You may enable ingress-nginx and generate automatically cert if you have ingress-nginx / cert-manager installed (e.g. using nginx with existing ssl secret) - See above for more details

ingress:
  enabled: false
  host: cloudify-manager.app.cloudify.co
  annotations:
    kubernetes.io/ingress.class: nginx
    nginx.ingress.kubernetes.io/proxy-body-size: 50m # use this annotation to allow upload of resources up to 50mb (e.g. plugins)
    # cert-manager.io/cluster-issuer: "letsencrypt-prod" # use this annotation to utilize an installed cert-manager
  tls:
    enabled: false
    secretName: cfy-secret-name

If you have parameter config.security.sslEnabled set to “true”, you need configure ingress for use HTTPS backend protocol. In case of nginx ingress, you need to add additional annotation “nginx.ingress.kubernetes.io/backend-protocol” set to “HTTPS”, so in your values file it should looks like:

ingress:
  enabled: true
  host: cloudify-manager.app.cloudify.co
  annotations:
    kubernetes.io/ingress.class: nginx
    nginx.ingress.kubernetes.io/backend-protocol: "HTTPS"

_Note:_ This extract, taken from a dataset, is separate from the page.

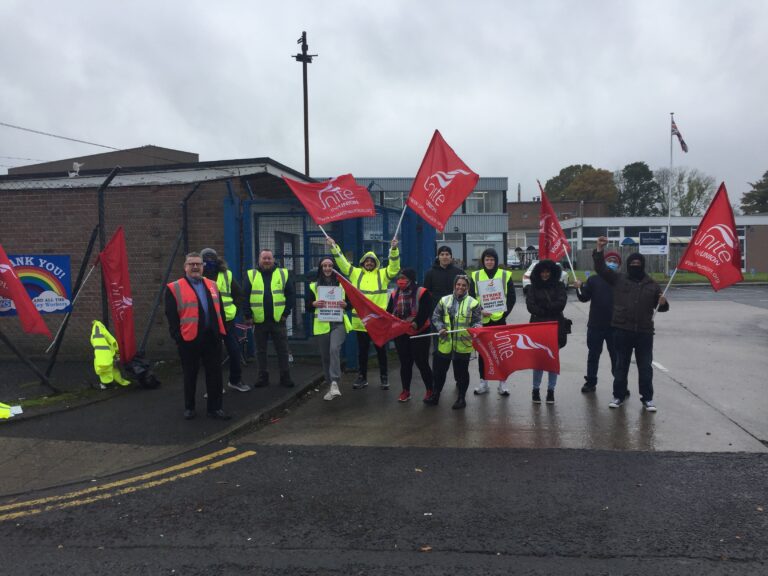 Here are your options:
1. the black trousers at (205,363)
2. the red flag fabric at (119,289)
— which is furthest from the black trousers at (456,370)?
the red flag fabric at (119,289)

Create secret for okta-license - required if using Okta/SSO

First obtain the okta/sso server certificate and store it in a file for exanple okta_certificate.pem

echo -n '-----BEGIN CERTIFICATE-----
MIIDXDCCAkSgAwIBAgIJAKwO13ndNBPjMA0GCSqGSIb3DQEBCwUAMCkxJzAlBgNV
BAMMHkNsb3VkaWZ5IGdlbmVyYXRlZCBjZXJ0aWZpY2F0ZTAeFw0yMTA2MTQxMjMx
NDZaFw0zMTA2MTIxMjMxNDZaMCYxJDAiBgNVBAMMG2lwLTEwLTEwLTQtMTE2LmVj
-----END CERTIFICATE-----'  > ./okta_certificate.pem

then let’s create the okta-license secret in the NAMESPACE

kubectl create secret generic okta-license --from-file=./okta_certificate.pem -n NAMESPACE

Troubleshoot

Some common use cases:

License is not uploaded correctly upon installation

[deprecated] This might happen if the English convention of licence/license is not alligned across the values (name of the value and its value), or across the license/licence configMap.

Since v0.4.1 licence convention is not supported. please use license.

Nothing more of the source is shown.